A livello di segni ciò può essere evidenziato da una ben preparata processione offertoriale e, soprattutto dalla Comunione sotto le due specie che sarebbe opportuno rimandare fino al giorno della Cresima, proprio per sottolineare il raggiungimento e la partecipazione piena all’Eucaristia. Specialmente il momento offertoriale offre uno spunto prezioso per un “discorso vocazionale” come l’esperienza ormai ampiamente insegna!

 

– Benedizione solenne e congedo.
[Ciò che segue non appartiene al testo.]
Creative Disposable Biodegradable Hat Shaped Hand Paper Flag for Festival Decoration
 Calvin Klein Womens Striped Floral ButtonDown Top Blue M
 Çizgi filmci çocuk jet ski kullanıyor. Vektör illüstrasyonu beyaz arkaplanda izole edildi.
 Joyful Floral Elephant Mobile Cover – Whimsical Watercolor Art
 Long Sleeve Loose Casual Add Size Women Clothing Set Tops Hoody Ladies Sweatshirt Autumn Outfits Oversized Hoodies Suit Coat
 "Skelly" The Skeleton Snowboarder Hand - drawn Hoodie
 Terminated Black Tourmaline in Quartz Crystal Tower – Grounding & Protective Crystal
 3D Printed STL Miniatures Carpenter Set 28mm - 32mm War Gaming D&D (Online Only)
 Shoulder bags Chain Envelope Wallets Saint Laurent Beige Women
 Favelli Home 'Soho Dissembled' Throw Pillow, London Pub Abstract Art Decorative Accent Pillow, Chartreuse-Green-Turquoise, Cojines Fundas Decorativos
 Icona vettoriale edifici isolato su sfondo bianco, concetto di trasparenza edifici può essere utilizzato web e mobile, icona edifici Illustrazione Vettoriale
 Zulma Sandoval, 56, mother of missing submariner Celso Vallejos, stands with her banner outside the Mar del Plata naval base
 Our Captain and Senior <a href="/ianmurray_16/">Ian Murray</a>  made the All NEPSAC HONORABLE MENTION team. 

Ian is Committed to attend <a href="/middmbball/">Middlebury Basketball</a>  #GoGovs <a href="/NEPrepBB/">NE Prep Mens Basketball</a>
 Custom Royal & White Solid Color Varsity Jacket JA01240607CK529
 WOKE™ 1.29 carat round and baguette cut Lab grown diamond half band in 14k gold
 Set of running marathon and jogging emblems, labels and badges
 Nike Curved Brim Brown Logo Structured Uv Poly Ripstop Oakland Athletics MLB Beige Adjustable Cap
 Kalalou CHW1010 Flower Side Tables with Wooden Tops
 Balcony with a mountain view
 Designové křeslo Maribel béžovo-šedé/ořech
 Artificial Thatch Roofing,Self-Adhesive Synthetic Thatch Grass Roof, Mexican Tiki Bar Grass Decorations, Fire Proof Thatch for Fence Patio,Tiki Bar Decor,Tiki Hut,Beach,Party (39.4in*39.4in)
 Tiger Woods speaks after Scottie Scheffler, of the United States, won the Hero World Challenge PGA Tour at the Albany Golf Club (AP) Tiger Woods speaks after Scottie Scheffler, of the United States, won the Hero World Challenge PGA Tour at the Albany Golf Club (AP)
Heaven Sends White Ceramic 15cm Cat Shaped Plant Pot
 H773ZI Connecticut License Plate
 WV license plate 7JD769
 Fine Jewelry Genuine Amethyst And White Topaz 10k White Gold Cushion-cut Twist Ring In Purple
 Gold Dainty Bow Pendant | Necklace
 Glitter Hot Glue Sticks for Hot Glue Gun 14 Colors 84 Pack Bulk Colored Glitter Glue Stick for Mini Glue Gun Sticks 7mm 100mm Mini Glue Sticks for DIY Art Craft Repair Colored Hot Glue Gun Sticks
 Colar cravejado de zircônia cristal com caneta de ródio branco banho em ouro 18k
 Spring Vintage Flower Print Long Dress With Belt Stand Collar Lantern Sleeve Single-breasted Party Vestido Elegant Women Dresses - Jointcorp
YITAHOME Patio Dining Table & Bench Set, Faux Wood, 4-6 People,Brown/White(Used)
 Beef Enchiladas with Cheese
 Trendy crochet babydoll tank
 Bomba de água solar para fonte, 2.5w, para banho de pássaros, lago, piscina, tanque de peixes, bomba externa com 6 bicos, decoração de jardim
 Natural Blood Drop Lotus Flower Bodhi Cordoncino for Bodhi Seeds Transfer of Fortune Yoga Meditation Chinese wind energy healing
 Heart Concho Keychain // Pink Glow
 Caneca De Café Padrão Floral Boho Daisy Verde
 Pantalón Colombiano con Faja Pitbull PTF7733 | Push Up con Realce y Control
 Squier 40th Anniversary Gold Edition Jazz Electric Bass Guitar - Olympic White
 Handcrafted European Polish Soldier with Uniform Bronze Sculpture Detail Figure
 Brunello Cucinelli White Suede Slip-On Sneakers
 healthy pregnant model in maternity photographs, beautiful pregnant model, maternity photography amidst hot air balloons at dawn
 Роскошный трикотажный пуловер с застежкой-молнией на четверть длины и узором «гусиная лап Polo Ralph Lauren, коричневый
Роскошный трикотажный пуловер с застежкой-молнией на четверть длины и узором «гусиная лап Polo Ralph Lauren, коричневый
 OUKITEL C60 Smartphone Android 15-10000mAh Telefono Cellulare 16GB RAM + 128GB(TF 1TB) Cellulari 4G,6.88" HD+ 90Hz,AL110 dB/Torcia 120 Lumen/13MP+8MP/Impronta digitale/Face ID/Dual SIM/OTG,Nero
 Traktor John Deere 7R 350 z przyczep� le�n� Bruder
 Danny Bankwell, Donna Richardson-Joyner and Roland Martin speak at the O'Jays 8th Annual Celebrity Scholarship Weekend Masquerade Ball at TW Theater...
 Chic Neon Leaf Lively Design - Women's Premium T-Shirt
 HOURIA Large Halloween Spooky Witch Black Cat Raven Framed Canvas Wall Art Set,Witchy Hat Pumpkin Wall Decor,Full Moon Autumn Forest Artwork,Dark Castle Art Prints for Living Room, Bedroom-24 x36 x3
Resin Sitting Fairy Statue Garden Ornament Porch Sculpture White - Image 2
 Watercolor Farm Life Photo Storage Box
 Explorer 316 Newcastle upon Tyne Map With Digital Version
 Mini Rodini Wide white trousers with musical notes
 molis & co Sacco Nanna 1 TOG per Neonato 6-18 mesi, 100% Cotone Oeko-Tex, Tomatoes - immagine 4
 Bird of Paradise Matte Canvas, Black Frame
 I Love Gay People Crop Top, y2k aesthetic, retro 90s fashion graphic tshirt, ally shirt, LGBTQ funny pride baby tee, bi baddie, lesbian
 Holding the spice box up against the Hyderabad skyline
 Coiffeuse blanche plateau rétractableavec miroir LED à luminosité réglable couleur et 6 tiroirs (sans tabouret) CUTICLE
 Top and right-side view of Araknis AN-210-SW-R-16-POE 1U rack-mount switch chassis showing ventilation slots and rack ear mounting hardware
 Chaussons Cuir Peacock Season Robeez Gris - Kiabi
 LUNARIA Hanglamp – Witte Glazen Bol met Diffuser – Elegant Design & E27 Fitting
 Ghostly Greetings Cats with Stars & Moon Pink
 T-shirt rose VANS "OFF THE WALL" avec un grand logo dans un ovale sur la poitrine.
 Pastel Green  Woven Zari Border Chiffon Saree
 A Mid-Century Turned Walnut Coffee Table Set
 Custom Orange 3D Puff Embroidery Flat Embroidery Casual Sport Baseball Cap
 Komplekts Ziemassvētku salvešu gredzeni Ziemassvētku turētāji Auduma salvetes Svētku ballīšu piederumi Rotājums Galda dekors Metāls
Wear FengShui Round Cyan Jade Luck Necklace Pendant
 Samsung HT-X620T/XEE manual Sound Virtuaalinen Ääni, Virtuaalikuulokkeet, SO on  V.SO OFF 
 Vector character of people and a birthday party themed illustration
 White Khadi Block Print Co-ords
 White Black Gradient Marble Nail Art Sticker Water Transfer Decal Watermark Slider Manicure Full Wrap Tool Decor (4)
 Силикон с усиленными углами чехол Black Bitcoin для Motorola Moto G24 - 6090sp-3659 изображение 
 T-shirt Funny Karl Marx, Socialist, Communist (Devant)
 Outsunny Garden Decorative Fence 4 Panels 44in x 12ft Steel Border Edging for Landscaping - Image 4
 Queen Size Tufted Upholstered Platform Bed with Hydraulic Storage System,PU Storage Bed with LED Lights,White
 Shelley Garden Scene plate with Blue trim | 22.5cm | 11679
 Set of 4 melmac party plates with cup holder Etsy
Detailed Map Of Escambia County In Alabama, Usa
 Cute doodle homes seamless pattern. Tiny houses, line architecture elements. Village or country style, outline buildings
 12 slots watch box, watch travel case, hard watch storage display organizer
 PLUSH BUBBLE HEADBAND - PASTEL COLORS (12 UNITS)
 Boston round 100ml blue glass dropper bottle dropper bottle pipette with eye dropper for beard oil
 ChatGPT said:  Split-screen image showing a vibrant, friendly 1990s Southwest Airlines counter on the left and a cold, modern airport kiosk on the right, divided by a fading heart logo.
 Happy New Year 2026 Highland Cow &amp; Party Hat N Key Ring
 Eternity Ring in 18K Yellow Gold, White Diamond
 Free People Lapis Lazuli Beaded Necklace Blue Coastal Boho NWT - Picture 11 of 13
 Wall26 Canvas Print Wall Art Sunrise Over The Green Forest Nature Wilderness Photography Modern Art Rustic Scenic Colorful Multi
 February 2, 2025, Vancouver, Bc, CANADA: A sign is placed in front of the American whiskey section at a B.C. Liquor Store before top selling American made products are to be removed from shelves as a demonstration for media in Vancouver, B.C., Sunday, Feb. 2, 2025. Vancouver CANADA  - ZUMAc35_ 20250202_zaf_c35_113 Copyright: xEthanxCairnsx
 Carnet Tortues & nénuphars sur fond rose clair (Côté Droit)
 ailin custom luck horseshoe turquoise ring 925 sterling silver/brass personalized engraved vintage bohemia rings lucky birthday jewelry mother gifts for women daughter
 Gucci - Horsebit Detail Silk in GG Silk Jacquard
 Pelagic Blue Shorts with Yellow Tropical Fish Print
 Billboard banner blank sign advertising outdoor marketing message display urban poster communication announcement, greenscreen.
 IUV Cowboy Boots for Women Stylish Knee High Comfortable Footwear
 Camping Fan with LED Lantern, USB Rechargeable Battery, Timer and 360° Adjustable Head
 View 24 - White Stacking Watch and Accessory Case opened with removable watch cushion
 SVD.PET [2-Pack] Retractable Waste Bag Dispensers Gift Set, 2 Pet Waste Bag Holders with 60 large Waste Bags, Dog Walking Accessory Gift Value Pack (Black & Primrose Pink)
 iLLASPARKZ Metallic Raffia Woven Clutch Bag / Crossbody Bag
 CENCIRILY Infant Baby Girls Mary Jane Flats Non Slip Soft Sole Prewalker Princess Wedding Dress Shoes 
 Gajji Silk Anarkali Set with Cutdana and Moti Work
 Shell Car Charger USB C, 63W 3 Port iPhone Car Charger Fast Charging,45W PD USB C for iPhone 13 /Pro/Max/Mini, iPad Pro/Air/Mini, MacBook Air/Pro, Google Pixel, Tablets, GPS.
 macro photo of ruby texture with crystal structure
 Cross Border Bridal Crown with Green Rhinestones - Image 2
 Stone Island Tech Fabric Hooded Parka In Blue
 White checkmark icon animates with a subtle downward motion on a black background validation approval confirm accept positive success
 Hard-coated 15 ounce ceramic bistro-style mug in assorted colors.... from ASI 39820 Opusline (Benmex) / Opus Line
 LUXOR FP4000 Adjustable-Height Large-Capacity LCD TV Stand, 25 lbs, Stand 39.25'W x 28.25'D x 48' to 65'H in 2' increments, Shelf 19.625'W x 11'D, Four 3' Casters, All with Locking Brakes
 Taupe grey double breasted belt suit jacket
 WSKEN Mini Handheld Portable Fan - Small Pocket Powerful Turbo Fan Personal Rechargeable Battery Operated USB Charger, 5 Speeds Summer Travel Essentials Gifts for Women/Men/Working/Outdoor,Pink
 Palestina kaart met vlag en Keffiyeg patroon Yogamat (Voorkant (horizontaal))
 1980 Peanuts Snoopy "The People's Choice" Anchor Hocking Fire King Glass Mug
La Benedizione solenne, posta al n. 38 del Rito, acquista una particolare importanza perché è l’unico momento della celebrazione che contenga, nella terza invocazione, un’esplicita menzione della dimensione escatologica del Sacramento (dimensione che è propria di tutti i Sacramenti e alla quale bisogna sempre dare risalto): “lo Spirito Santo… vi conduca alla gioia del Regno”. 

Anche le parole del congedo dovrebbero contenere un invito finale a vivere il dono dello Spirito, che, nella consapevolezza vocazionale, rappresenta l’inizio dell’itinerario di discernimento sulla propria personale chiamata! Il Pastore della Diocesi sa bene che il suo augurio non può che andare in quella direzione…

 

 

 

 

Conclusione

La conclusione è che dopo tutto questo impegno catechistico prima e celebrativo poi, qualcosa rimanga. Ma a questo punto non contano tanto i suggerimenti a livello liturgico, ma subentra la famosa pastorale del “dopo Cresima”. Certo il riferimento al momento forte vissuto nella celebrazione rituale, il richiamo a quei “segni” potrà risultare meno difficile, soprattutto invitando i nostri ragazzi a non dimenticare quell’“Eccomi”… con tutto quello che comporta di presenza e di impegno nella realizzazione di un cammino che ponga solide basi per una scelta vocazionale!